Excerpted data:

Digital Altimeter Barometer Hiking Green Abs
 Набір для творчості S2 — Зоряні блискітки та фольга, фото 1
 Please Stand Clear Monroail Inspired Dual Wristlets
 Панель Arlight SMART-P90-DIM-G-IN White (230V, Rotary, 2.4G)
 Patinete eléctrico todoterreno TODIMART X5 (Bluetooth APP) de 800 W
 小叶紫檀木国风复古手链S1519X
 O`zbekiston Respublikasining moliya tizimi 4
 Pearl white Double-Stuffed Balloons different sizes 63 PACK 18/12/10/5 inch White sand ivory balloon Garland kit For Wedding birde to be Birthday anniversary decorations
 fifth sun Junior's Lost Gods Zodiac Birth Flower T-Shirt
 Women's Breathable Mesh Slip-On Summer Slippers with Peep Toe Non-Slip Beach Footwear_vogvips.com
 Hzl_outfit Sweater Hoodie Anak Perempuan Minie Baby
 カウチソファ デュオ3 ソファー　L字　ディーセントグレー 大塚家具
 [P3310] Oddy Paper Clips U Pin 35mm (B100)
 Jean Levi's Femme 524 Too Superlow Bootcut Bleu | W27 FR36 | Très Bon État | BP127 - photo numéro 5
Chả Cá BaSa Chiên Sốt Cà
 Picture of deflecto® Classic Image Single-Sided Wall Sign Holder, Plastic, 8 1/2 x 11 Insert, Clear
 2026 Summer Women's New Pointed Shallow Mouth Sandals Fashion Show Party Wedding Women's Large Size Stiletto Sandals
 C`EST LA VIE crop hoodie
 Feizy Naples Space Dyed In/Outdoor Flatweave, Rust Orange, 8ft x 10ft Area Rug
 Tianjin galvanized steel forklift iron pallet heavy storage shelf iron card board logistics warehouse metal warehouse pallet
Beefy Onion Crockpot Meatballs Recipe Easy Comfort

The problem: Count the lines above that contain "Wedding" and reply with the figure alone.

Response box: 2